(Try it):
For the material below, return exactly the lines starting at the one holding "अभिभावक विहीन बालबालिका" and ending at the one holding "BEATS STUDIO 3 ワイヤレスヘッドホン DEC-2022", counting both as part of the range.

(Task data):
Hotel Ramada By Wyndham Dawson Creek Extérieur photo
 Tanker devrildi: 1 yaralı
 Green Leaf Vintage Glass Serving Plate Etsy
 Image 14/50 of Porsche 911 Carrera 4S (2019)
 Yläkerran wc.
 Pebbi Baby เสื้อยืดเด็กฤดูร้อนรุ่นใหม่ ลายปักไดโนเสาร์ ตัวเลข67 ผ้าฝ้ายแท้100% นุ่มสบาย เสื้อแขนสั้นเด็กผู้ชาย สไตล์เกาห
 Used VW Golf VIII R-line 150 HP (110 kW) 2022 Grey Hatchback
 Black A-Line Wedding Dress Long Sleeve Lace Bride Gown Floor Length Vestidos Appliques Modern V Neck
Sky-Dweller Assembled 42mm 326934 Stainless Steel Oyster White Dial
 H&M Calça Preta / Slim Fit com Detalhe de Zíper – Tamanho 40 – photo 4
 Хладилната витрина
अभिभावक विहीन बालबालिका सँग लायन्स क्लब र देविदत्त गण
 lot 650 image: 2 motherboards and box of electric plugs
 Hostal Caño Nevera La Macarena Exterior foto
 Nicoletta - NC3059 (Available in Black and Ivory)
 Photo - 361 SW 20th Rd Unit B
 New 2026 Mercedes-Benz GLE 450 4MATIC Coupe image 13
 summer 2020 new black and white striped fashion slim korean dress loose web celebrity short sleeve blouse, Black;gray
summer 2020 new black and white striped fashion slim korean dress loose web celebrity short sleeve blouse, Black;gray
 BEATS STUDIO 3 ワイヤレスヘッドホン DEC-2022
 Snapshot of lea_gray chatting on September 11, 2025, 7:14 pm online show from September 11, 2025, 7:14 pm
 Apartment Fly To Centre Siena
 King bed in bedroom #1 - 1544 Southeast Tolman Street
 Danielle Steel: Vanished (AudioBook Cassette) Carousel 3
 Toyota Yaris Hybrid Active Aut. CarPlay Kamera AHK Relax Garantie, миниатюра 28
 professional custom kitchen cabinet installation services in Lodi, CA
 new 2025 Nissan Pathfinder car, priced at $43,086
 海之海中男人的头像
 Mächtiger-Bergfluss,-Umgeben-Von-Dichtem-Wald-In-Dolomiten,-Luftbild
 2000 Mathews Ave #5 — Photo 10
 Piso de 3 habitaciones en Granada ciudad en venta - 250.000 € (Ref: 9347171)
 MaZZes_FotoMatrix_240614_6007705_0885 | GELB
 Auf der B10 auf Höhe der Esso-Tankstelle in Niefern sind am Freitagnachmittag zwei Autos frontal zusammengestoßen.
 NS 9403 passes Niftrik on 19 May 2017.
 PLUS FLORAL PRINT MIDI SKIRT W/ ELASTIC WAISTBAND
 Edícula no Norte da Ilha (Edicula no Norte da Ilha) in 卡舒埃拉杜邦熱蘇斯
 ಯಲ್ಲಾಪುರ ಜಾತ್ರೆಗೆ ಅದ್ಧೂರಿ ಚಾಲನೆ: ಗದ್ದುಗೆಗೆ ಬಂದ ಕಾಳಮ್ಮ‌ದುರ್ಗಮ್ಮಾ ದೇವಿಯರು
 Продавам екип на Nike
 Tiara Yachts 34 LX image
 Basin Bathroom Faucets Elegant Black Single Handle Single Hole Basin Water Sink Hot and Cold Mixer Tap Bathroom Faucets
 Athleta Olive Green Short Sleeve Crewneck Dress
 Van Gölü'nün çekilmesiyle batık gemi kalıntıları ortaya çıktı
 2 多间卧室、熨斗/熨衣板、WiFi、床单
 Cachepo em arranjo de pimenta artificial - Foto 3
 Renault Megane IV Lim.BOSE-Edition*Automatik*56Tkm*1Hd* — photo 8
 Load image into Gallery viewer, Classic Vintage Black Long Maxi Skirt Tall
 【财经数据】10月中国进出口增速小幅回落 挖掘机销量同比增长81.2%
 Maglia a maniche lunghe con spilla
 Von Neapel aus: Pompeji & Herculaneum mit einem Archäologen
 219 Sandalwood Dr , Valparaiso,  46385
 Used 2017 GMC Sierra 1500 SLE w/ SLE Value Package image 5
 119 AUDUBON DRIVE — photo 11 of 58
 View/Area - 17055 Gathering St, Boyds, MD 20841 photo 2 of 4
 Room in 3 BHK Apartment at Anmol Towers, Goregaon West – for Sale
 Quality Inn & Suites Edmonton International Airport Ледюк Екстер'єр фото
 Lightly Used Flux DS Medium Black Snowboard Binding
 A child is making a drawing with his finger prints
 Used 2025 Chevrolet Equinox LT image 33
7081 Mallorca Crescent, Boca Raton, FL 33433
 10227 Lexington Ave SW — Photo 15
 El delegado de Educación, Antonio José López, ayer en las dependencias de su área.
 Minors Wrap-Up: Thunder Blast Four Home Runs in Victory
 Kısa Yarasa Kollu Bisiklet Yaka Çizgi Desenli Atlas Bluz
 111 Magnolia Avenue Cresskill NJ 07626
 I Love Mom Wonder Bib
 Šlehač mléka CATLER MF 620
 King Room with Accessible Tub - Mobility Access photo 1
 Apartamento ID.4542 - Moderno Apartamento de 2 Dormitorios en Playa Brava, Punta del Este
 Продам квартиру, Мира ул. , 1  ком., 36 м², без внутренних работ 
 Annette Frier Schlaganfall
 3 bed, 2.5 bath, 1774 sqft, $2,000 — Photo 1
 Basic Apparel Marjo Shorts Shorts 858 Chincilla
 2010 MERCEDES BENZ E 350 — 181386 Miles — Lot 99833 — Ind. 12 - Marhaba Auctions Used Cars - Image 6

(Exercise output):
अभिभावक विहीन बालबालिका सँग लायन्स क्लब र देविदत्त गण
 lot 650 image: 2 motherboards and box of electric plugs
 Hostal Caño Nevera La Macarena Exterior foto
 Nicoletta - NC3059 (Available in Black and Ivory)
 Photo - 361 SW 20th Rd Unit B
 New 2026 Mercedes-Benz GLE 450 4MATIC Coupe image 13
 summer 2020 new black and white striped fashion slim korean dress loose web celebrity short sleeve blouse, Black;gray
summer 2020 new black and white striped fashion slim korean dress loose web celebrity short sleeve blouse, Black;gray
 BEATS STUDIO 3 ワイヤレスヘッドホン DEC-2022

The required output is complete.